Excel’s charting tools are quite comprehensive, but I’ve written before (see my archived articles) about some notable omissions in functionality. One of those is less control than a user might like over the colour of individual data points. It is possible to set the colour for an entire data series, or to set the colour to vary by point. The charts below illustrate these options:

entire data series the same color color varied by point

This choice is controlled through the Format Data Series dialog, as below:

Format Data Series dialog box

At first, I thought I’d be able to make progress with VBA, but it is not possible to change the colour of a single data point, even from VBA code, when you want the colour to change based on the data that produces that column.

It’s time perhaps to explain why I wanted to be able to highlight just one point. Let’s do it by looking at the data on which the example charts above are based.

data the chart is based on

It concerns a multiple choice test based on 4 questions, each with 4 possible answers (A, B, C, D) only one of which is correct.  Column C indicates which option is correct and columns D-G show what percentage of the test candidates selected each option.

oroginal chartWhen charting these numbers, I wanted a way of highlighting which option was the right answer. Consider the chart we saw at the top of this article, shown again to the left.

It relates to question 1 in the data table, of course, and the right answer is B.
The data source for this table is D3:G4, which includes both the axis labels in row 3 and the actual chart values for the series in row 4. The other charts for questions 2-4 are based on ranges which include rows 3 for the axis labels and respectively 5, 6 and 7 for the series data.

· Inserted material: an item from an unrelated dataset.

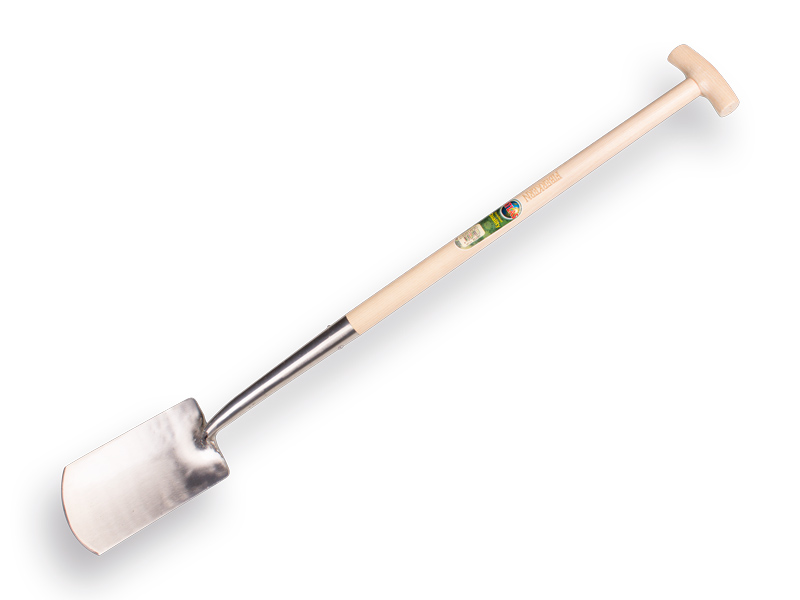 Spade ATLAS polished, with fiber core ATLAS T-handle 80 cm, FSC 100%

Given that B is the right answer, the chart shows a test question performing very well, for a number of reasons. It shows:

  • The majority of candidates are getting it right (so it’s not too hard)

  • Not all candidates are getting it right (so it’s not too easy)

  • Candidates are choosing all 3 of the wrong answers, which we call ‘distractors’ (so all the distractors are to some extent credible and candidates cannot get the answer right just by eliminating obviously false alternatives.)

It is easy to come to these conclusions simply from the chart, but only if you know the right answer is B. Look at the chart again and consider how the story it tells is different if the right answer were actually A.

Hopefully, you can see why I was so keen to highlight on the chart one data point.

A method which my business partner, Graham Barrow, suggested is to provide a text key. A little-known ability of Excel charts is to link the title or other text box in the chart to an Excel cell value. You can’t actually get it to calculate a formula, but you can get it to show the content of a given cell. Here is how I implemented this idea on my chart.

chart showing text at the top

What looks like a single text box at the top of the chart is actually 2. The one on the right is the title box and here simply says ‘B’. It’s linked to cell C4, so if the data changes, it will change too.  Immediately to the left is another text box which just contains the text "Correct answer:"

To link the right hand text box to the cell, I simply went to the chart options and said I wanted title text (I typed a few letters of nonsense into the box, just to get something on the chart.)

"xyz" added as chart title

Then, with the title box selected, I entered the cell reference in the formula bar:

cell reference added to title

After that, it was simply a matter of inserting another text box in the chart area, and matching its font and style to the chart title box.

This was a good solution, and in a mono printing situation would probably be preferable to varying the bar colour in any case. But I just couldn’t walk away from the challenge of recolouring just a single data point, so I worked on and eventually cracked the problem.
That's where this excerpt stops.